#### RECORDS FOR THE TASK
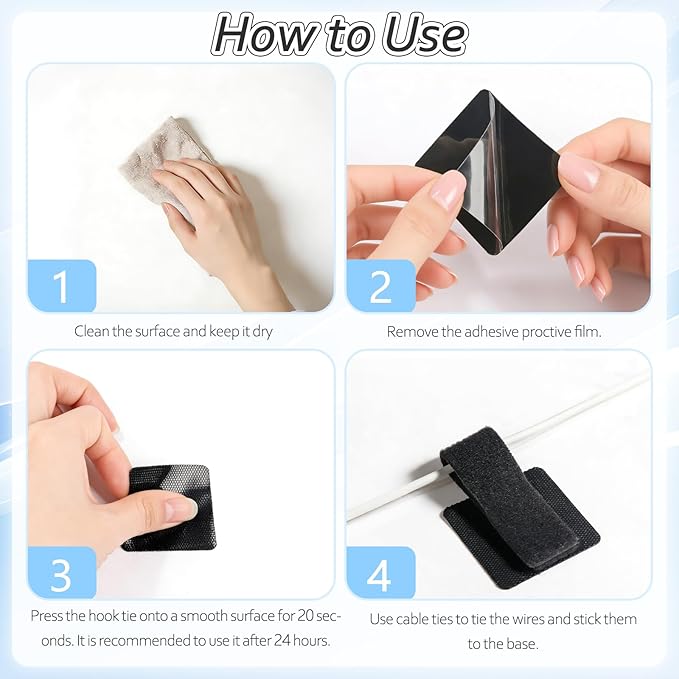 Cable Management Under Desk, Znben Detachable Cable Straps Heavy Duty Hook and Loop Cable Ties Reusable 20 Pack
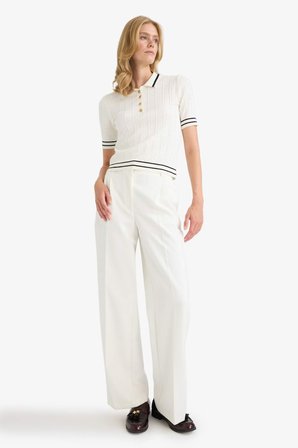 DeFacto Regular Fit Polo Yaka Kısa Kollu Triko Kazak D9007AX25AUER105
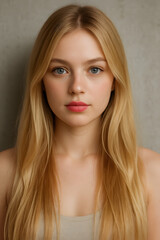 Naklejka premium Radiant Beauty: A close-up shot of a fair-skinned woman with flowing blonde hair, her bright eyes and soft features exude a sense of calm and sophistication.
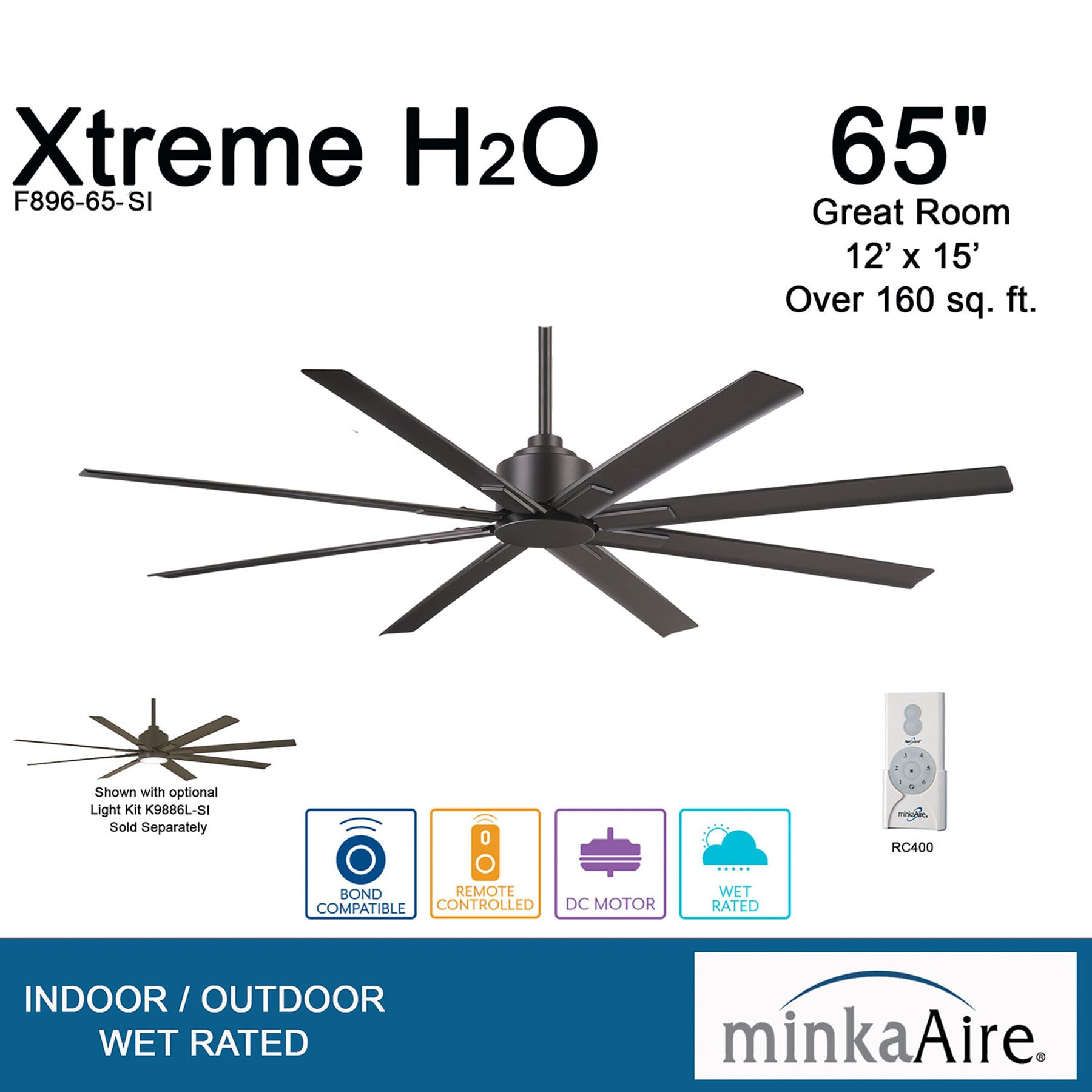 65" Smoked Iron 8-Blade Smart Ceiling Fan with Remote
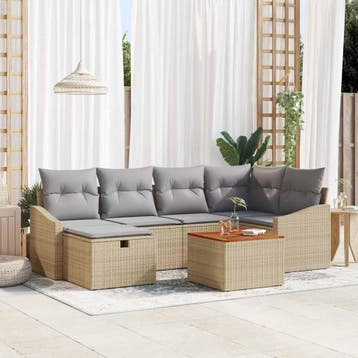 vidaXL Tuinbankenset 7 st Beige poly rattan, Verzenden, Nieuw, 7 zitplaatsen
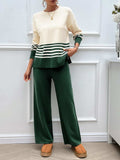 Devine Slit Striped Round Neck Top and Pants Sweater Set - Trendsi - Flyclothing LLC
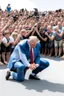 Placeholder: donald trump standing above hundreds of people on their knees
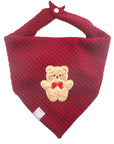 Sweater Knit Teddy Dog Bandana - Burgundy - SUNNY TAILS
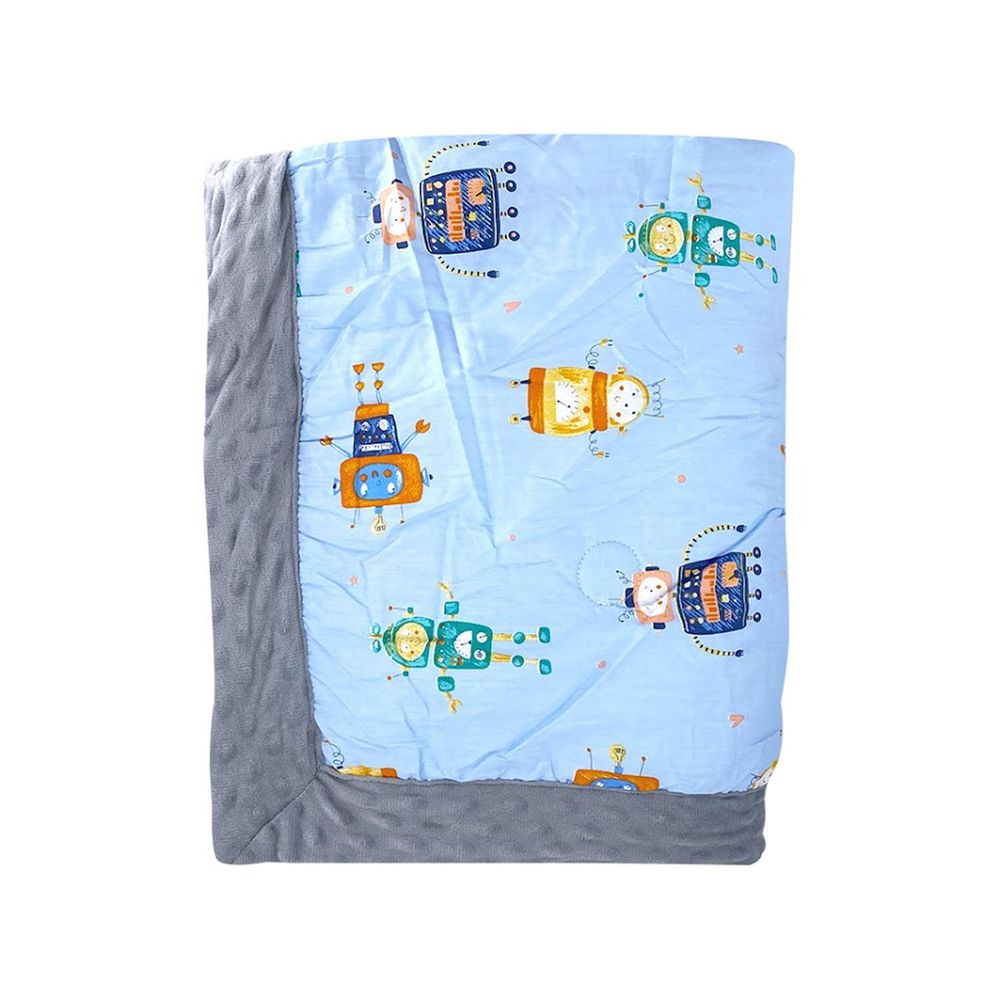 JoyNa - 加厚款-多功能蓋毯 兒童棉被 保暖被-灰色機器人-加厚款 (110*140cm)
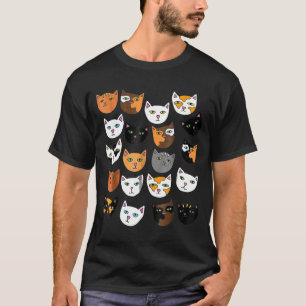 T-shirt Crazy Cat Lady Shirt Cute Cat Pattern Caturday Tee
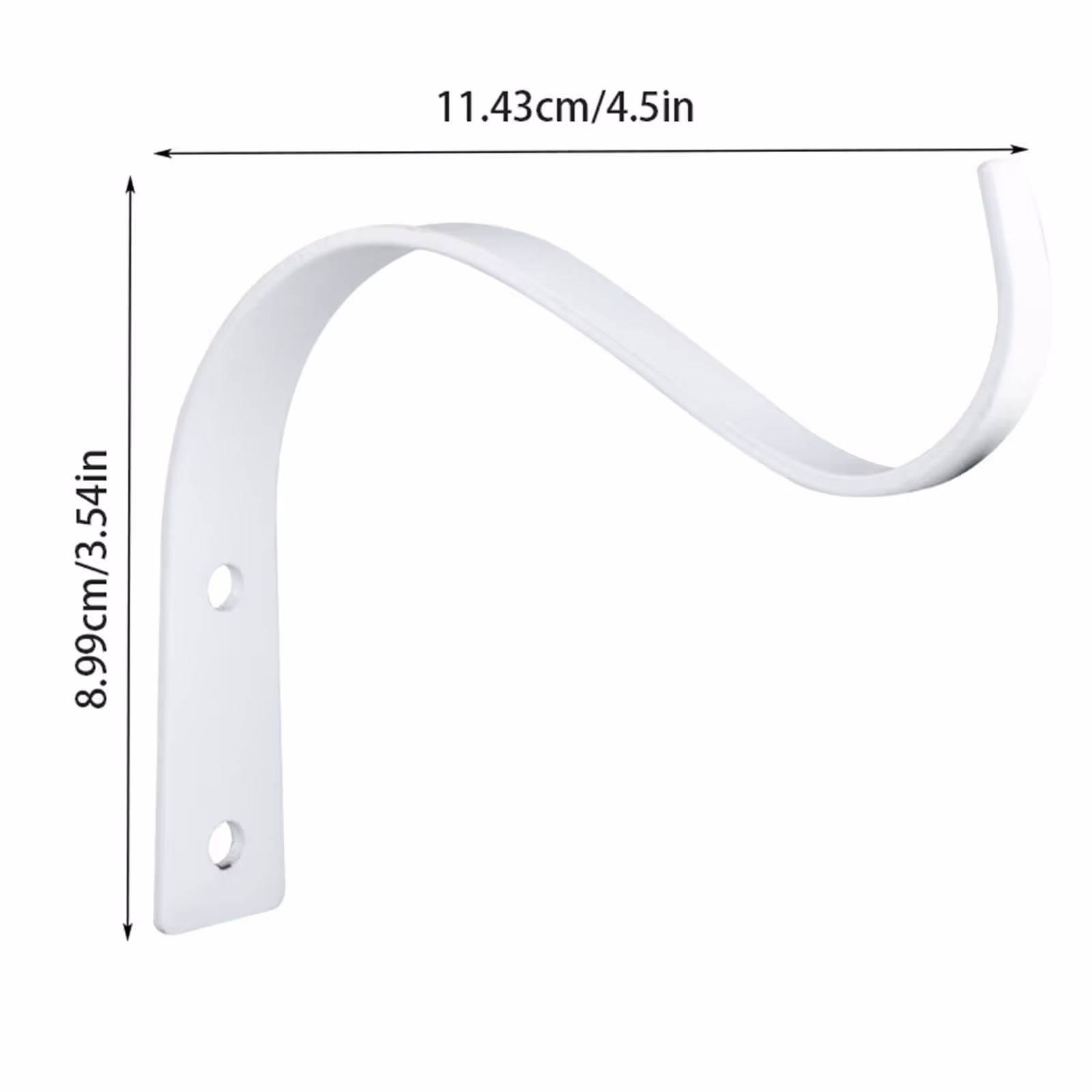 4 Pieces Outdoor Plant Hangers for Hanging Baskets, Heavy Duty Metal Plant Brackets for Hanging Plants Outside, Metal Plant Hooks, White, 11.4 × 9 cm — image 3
########
From the line containing "vidaXL Tuinbankenset 7" through the last line of the entries, copy each line exactly and only those, skipping all pictures.

 vidaXL Tuinbankenset 7 st Beige poly rattan, Verzenden, Nieuw, 7 zitplaatsen
 Devine Slit Striped Round Neck Top and Pants Sweater Set - Trendsi - Flyclothing LLC
 Placeholder: donald trump standing above hundreds of people on their knees
 Sweater Knit Teddy Dog Bandana - Burgundy - SUNNY TAILS
 JoyNa - 加厚款-多功能蓋毯 兒童棉被 保暖被-灰色機器人-加厚款 (110*140cm)
 T-shirt Crazy Cat Lady Shirt Cute Cat Pattern Caturday Tee
 4 Pieces Outdoor Plant Hangers for Hanging Baskets, Heavy Duty Metal Plant Brackets for Hanging Plants Outside, Metal Plant Hooks, White, 11.4 × 9 cm — image 3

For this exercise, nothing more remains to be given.